**The task**
Data follows below. Repeat exactly the lines between the line holding "So guys, they're" and the line holding "In an underwater", inclusive, and nothing more; drop pictures.
##### Information given
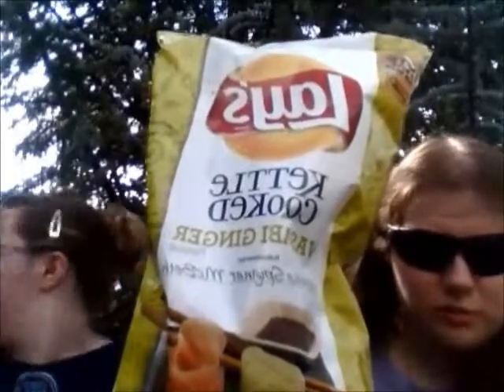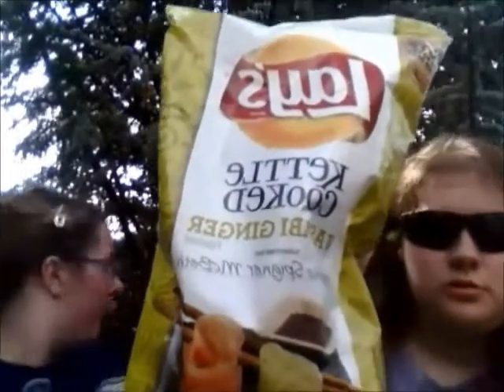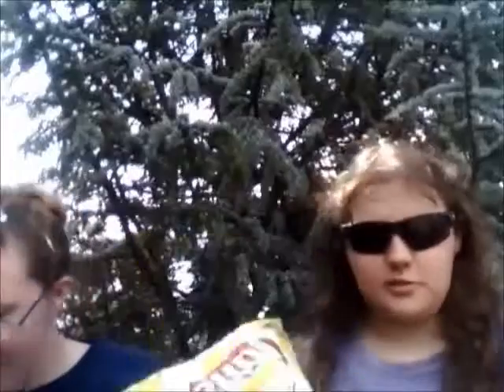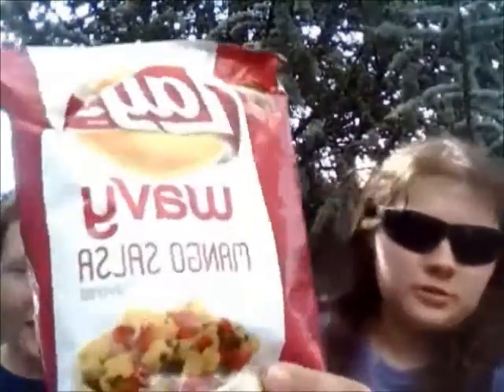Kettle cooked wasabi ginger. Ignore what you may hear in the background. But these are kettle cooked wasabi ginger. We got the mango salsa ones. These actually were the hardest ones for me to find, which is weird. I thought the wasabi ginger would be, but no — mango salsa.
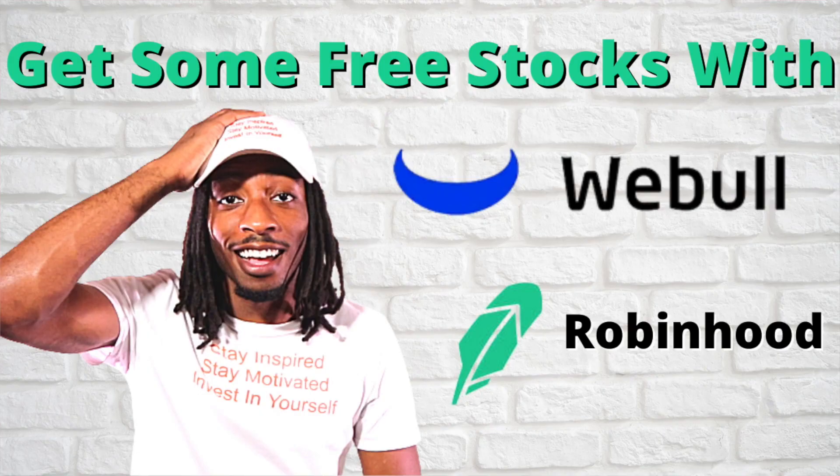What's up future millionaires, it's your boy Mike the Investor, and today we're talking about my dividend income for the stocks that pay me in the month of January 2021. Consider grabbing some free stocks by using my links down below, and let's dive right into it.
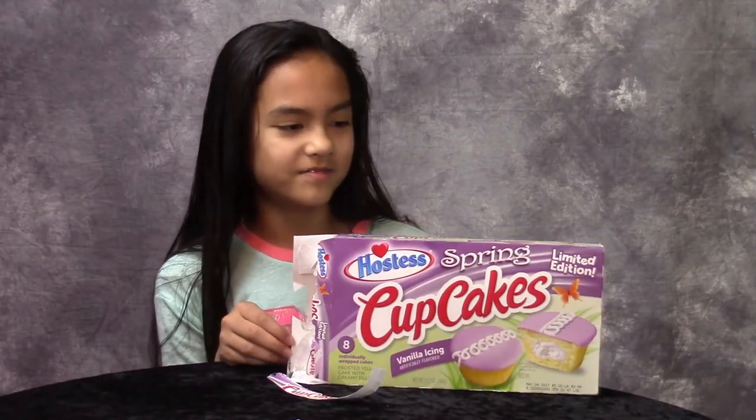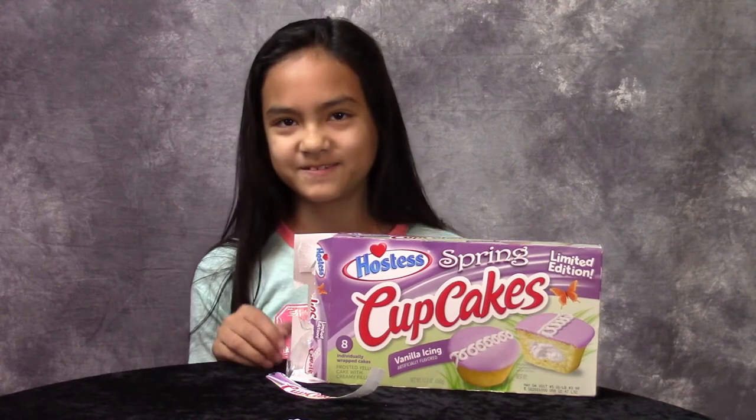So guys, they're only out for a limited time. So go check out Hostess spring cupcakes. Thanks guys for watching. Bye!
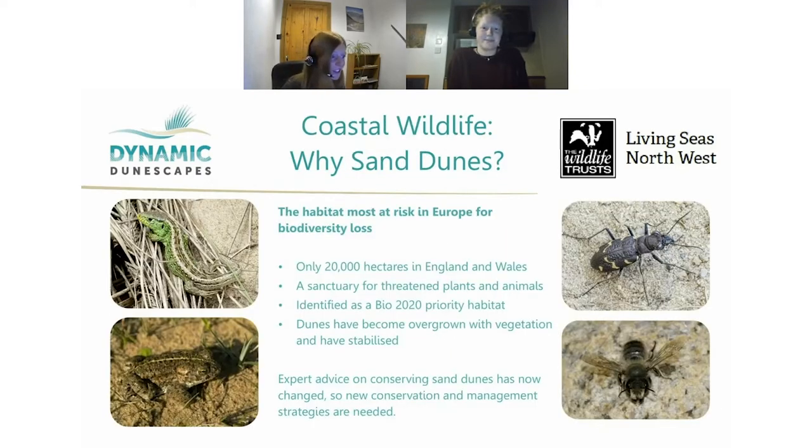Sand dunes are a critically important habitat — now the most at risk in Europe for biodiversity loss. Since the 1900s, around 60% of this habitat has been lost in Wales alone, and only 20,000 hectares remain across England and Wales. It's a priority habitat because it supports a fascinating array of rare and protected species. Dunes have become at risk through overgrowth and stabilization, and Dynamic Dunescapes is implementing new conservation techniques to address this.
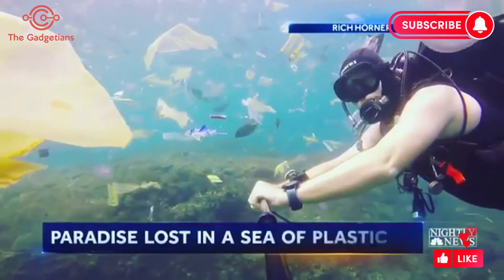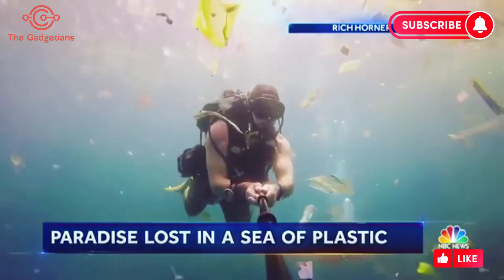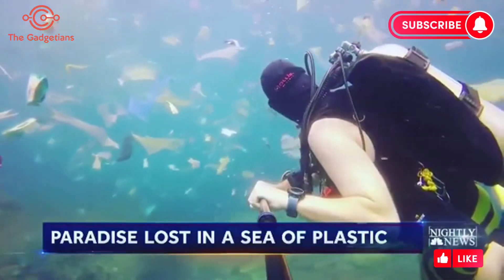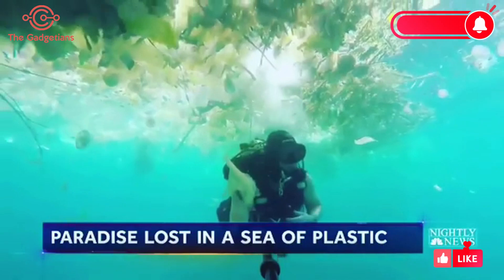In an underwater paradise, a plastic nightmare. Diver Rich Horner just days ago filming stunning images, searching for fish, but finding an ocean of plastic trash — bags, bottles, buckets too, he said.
##########
##### Information given
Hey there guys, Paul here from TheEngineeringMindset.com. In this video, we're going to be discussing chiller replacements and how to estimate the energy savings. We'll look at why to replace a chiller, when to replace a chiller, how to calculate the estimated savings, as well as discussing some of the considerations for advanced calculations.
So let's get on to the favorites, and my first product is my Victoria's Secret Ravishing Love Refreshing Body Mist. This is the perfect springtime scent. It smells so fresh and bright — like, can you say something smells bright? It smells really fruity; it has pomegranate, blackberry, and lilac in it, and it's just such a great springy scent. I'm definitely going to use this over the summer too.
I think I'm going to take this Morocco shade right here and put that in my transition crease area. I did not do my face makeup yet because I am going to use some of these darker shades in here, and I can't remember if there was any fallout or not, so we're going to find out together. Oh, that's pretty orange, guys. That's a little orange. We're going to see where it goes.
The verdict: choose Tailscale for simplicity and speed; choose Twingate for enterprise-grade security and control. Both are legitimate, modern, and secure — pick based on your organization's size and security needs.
##########
##### Information given
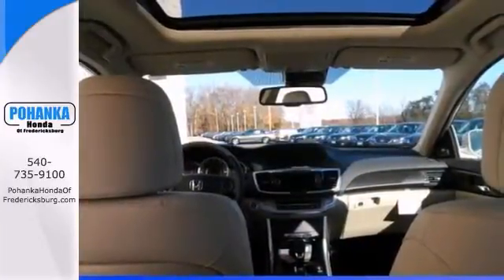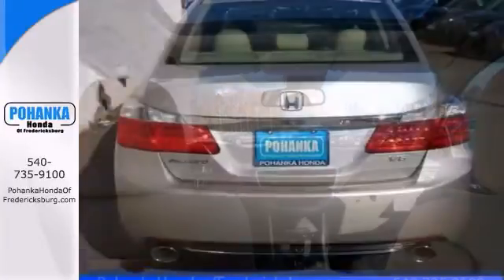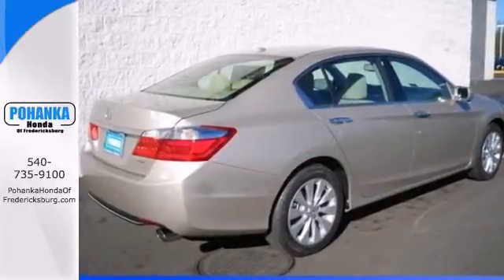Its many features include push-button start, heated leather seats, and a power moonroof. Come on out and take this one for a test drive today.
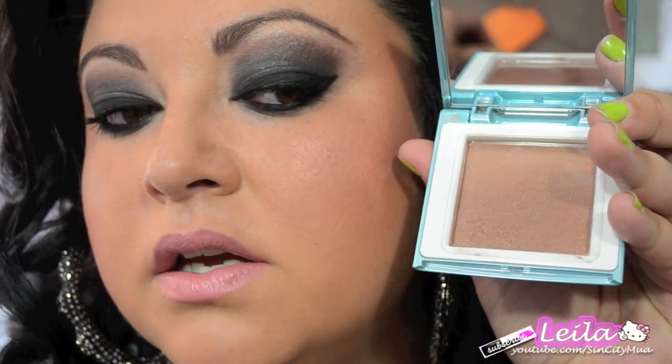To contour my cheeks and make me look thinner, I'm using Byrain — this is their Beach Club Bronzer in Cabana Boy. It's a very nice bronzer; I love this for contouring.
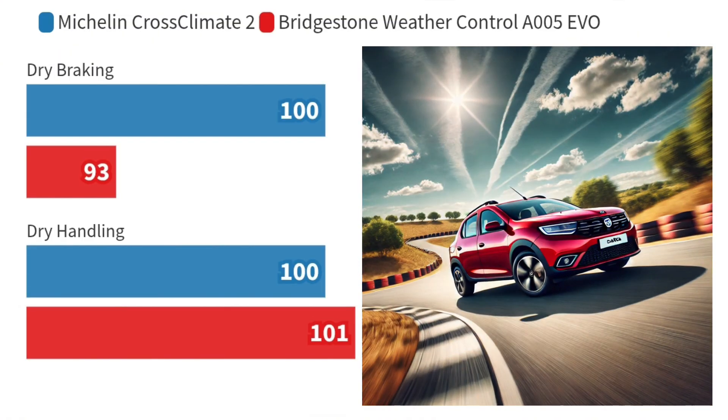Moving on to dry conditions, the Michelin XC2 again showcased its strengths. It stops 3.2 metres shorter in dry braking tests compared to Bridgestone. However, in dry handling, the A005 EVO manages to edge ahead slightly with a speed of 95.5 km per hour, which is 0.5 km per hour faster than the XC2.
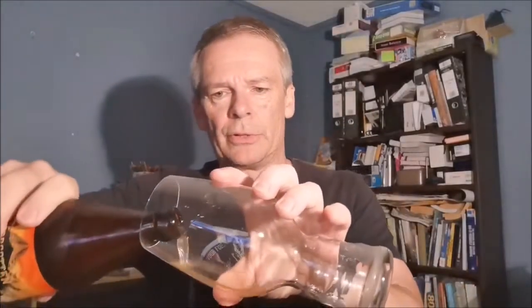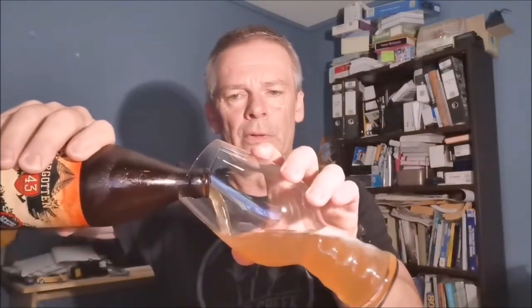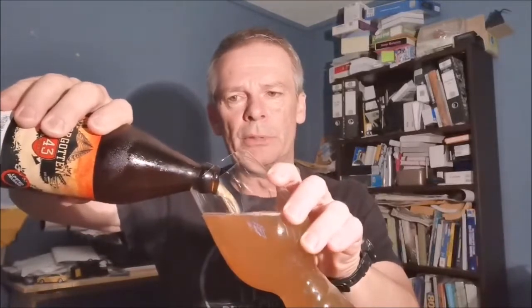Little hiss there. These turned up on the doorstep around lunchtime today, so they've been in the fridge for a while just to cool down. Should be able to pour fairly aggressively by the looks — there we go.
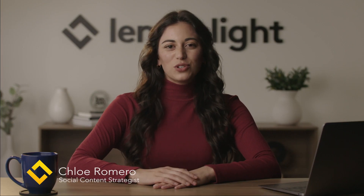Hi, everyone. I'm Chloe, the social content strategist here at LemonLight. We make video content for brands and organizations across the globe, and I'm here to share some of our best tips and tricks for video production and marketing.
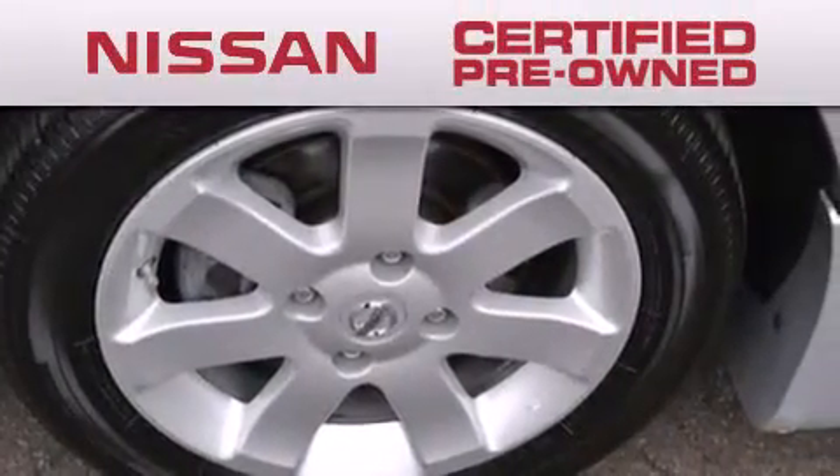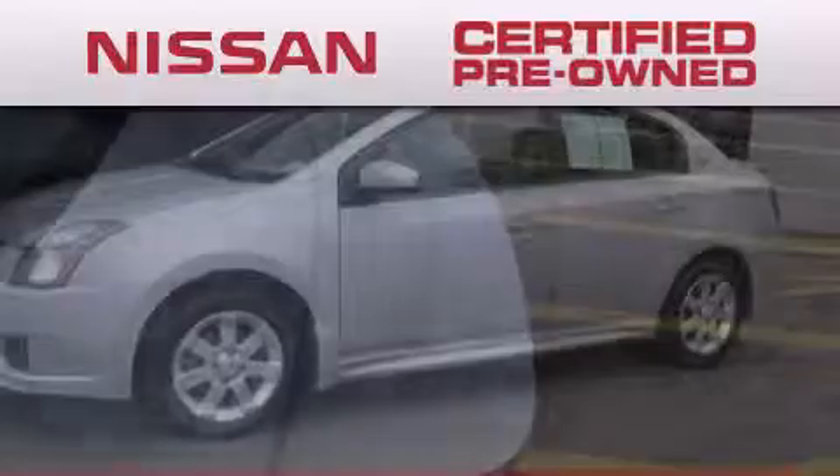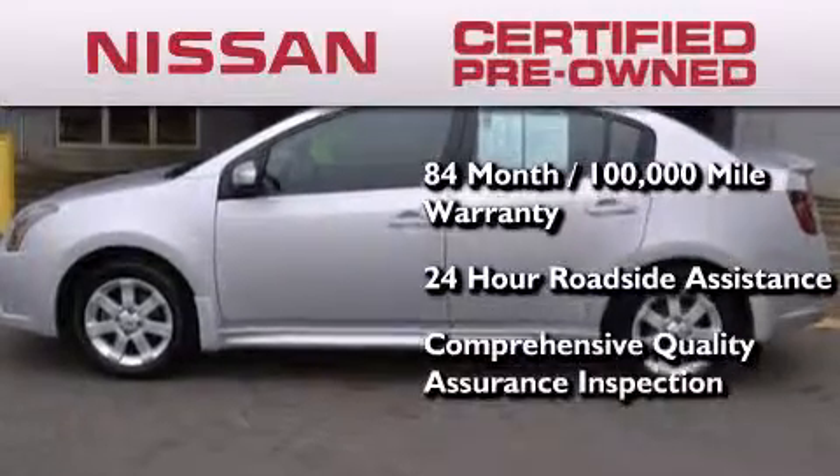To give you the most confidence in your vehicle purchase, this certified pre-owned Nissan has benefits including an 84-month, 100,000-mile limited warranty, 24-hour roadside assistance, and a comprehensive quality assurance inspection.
##########
**Final answer**
So guys, they're only out for a limited time. So go check out Hostess spring cupcakes. Thanks guys for watching. Bye!
Sand dunes are a critically important habitat — now the most at risk in Europe for biodiversity loss. Since the 1900s, around 60% of this habitat has been lost in Wales alone, and only 20,000 hectares remain across England and Wales. It's a priority habitat because it supports a fascinating array of rare and protected species. Dunes have become at risk through overgrowth and stabilization, and Dynamic Dunescapes is implementing new conservation techniques to address this.
In an underwater paradise, a plastic nightmare. Diver Rich Horner just days ago filming stunning images, searching for fish, but finding an ocean of plastic trash — bags, bottles, buckets too, he said.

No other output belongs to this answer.